This project used natural language processing (NLP) to study, detect, and predict changes in market regimes to improve existing trading strategies. We used text data from the Federal Open Market Committee (FOMC) meeting minutes and price data of the S&P 500. Some methods we used were non-negative matrix factorization, spherical K-means clustering, and naive Bayes classifier.
This project was done for the requirements of the class 46-924 Natural Language Processing. The group members are Dhruv Baid, Prajakta Phadke, and Uday Sharma.
This project used natural language processing (NLP) to study, detect, and predict changes in market regimes to improve existing trading strategies. We used text data from the Federal Open Market Committee (FOMC) meeting minutes and price data of the S&P 500. We used Non-Negative Matrix Factorization (NMF) to study the characteristics of regimes. We labeled regimes using a hidden Markov model and spherical K-means clustering. Using the labels as the response and price as covariates, we fit a naive Bayes model to predict the regime. We also try adding the NMF model topic weights and word embeddings from FinBERT as covariates. The performance was evaluated on the test set by comparing the metrics of a regime-dependent trading strategy for different combinations of labeling methods and covariates. Using NMF, we found that text data helped identify regimes that corresponded to different macroeconomic topics.

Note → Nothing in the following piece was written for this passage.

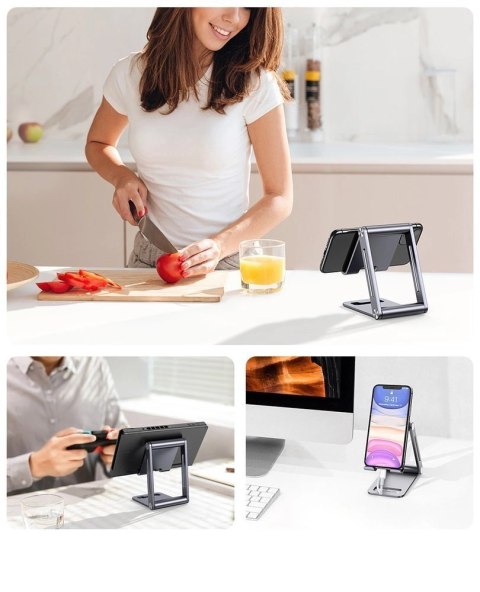 Ugreen metalowa aluminiowa składana podstawka na telefon tablet szary (LP263 80708) Ugreen metalowa aluminiowa składana podstawka na telefon tablet szary (LP263 80708)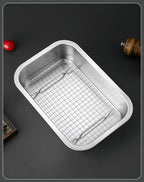Stainless Steel Sturdy Roasting Pan with Cooling Rack – Oven, Toaster & Grill Safe, Deep Edge, Smooth Finish, Dishwasher Safe – Perfect for Turkey, Chicken, BBQ (10.4x7.7x2.8in)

However, neither the regimes identified using text data nor the text covariates were able to improve the performance of the trading strategy.
- Do the regimes, as identified by unsupervised NLP methods, show any distinct characteristics?
- Does using text data in identifying regimes improve the performance of our trading strategy?
- Does using text data as covariates to predict regime help improve our trading strategy?